■ **EXERCISE AIM**:
Which of the lines in the data below contain the string "Isekai"? Copy each of them.

Stored entries
---------------
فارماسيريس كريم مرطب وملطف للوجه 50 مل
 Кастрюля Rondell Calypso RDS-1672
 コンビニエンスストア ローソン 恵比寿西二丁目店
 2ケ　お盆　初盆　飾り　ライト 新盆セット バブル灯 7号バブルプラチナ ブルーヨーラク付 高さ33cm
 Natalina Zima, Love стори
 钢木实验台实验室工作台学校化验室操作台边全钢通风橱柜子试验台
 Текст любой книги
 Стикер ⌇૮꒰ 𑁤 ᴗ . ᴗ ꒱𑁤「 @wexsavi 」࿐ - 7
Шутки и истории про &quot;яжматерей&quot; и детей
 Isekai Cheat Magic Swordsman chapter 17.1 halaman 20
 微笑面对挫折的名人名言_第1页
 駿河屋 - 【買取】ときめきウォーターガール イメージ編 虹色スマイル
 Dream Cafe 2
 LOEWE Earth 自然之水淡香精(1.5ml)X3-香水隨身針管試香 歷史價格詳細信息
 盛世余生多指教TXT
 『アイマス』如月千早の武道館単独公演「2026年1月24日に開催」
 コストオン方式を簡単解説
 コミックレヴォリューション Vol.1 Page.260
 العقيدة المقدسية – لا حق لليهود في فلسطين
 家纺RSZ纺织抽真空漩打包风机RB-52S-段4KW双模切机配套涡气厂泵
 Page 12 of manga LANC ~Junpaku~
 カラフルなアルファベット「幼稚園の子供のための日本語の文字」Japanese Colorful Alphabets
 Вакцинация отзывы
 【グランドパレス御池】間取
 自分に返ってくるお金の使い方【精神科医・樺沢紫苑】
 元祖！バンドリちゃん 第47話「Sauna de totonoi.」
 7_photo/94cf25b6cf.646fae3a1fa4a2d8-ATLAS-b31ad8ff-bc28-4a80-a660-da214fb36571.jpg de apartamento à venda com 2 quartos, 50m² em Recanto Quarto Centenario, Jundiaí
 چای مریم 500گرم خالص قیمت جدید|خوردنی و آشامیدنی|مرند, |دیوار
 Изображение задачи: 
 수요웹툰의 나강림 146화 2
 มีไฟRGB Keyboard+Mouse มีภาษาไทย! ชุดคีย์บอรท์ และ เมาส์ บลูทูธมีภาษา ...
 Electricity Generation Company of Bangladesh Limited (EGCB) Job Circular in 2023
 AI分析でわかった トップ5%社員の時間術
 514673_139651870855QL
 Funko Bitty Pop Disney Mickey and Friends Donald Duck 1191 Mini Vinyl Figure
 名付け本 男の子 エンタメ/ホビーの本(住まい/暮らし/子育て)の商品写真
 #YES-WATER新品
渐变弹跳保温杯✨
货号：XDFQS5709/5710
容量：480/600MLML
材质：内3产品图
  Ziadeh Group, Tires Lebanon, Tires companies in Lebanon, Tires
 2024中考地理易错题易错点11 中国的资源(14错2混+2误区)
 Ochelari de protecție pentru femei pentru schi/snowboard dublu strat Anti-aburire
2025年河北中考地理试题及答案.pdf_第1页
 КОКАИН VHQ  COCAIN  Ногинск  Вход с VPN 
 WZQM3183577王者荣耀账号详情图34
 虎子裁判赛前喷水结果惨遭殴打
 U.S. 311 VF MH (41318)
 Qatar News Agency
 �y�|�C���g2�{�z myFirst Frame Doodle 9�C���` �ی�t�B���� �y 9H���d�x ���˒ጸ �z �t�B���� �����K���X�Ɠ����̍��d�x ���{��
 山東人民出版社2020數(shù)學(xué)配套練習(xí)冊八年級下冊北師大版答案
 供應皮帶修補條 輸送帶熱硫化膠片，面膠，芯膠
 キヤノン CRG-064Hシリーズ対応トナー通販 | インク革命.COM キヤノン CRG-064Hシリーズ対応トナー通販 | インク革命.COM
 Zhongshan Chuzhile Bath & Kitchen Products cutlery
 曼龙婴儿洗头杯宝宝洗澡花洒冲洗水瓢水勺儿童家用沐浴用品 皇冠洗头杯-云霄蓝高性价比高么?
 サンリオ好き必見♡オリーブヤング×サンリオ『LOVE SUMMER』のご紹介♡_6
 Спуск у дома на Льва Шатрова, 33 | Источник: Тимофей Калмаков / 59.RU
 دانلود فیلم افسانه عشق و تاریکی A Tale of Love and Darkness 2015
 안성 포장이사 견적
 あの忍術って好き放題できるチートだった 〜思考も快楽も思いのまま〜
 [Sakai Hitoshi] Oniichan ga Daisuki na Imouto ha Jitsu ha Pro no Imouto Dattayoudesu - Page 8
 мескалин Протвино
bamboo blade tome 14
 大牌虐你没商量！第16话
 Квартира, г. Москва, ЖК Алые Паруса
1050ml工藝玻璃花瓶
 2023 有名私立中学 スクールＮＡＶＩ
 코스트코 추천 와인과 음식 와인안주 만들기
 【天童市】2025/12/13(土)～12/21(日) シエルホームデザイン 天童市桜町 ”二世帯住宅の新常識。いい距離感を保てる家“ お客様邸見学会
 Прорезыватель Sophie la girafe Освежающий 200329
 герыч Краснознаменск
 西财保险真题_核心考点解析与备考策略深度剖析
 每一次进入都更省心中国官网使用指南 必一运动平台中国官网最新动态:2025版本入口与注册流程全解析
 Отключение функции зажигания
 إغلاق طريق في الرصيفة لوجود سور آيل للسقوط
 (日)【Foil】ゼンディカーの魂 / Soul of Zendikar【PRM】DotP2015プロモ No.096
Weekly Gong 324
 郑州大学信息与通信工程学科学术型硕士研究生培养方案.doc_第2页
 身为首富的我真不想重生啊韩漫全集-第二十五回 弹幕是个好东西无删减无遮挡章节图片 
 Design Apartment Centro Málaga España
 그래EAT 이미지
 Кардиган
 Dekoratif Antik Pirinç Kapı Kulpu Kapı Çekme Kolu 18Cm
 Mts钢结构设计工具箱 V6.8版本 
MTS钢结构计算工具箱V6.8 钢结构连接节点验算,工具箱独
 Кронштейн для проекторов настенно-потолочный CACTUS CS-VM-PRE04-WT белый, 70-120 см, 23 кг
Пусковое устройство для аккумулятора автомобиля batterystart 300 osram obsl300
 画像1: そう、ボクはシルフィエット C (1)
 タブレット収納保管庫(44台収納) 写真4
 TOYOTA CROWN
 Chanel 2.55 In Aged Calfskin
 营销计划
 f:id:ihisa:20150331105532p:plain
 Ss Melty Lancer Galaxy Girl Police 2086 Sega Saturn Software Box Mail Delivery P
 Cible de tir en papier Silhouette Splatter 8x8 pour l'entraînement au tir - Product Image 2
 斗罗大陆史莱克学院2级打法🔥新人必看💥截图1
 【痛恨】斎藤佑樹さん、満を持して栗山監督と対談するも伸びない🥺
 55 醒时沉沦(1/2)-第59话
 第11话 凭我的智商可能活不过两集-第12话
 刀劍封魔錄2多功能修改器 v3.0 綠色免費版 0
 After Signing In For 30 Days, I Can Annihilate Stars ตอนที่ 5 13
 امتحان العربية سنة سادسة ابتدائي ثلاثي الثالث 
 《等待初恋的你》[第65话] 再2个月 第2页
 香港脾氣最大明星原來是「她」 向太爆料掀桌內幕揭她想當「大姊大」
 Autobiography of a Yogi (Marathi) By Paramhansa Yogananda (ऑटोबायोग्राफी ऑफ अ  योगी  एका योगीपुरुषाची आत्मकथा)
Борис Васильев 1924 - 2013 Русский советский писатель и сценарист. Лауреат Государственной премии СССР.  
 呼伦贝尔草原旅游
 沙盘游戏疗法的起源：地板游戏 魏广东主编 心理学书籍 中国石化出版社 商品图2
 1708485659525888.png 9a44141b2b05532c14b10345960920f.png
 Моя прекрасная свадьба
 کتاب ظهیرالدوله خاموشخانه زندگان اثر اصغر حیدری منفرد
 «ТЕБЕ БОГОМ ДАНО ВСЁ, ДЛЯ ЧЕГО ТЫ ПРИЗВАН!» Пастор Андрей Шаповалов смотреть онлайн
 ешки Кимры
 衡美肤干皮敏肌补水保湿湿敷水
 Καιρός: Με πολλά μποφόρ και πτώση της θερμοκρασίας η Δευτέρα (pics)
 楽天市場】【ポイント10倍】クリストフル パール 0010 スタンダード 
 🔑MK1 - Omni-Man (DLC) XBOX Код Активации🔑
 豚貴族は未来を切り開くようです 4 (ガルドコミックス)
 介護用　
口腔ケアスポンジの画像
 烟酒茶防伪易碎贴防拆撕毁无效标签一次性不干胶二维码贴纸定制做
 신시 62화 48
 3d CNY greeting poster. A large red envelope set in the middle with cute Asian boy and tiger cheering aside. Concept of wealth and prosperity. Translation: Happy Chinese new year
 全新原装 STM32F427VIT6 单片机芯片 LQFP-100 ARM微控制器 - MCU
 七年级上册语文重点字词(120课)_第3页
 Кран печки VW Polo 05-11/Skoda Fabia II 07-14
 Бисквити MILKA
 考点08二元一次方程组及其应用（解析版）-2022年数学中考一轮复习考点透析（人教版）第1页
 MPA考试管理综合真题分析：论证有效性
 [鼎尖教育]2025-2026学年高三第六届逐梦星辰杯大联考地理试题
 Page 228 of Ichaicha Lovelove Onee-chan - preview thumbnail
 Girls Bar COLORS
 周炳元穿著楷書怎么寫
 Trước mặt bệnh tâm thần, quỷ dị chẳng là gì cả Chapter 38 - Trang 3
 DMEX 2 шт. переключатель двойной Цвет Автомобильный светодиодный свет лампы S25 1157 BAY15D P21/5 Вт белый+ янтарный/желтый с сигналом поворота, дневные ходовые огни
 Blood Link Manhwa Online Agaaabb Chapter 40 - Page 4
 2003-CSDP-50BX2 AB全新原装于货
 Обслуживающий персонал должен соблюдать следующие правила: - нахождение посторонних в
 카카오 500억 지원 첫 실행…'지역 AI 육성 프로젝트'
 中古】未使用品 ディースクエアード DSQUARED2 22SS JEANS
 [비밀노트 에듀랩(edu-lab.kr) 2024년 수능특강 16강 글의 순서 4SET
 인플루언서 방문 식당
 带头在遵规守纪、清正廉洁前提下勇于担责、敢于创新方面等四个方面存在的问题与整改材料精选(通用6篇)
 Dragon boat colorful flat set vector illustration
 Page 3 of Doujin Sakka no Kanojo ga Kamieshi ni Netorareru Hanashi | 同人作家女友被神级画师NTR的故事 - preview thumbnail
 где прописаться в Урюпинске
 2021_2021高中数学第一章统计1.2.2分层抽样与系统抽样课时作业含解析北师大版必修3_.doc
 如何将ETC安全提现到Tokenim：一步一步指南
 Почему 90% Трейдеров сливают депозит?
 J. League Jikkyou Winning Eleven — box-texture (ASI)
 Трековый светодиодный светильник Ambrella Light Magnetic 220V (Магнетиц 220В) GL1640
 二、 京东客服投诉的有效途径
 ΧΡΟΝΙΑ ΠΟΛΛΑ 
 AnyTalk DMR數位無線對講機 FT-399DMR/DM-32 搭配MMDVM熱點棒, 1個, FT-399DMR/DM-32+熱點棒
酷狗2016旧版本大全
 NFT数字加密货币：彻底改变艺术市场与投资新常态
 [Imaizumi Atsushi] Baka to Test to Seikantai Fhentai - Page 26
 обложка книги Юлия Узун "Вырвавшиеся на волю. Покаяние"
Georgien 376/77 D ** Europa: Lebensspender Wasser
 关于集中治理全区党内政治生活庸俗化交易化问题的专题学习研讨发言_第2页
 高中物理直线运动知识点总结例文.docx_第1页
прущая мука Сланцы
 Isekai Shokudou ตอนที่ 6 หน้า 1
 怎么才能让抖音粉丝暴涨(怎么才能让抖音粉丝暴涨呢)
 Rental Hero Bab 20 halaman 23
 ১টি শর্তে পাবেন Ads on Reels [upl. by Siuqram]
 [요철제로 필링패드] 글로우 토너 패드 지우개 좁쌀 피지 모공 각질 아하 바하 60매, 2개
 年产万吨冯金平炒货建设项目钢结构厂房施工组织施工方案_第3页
---------------
■ **SOLUTION TO THE PROBLEM**:
 Isekai Cheat Magic Swordsman chapter 17.1 halaman 20
 Isekai Shokudou ตอนที่ 6 หน้า 1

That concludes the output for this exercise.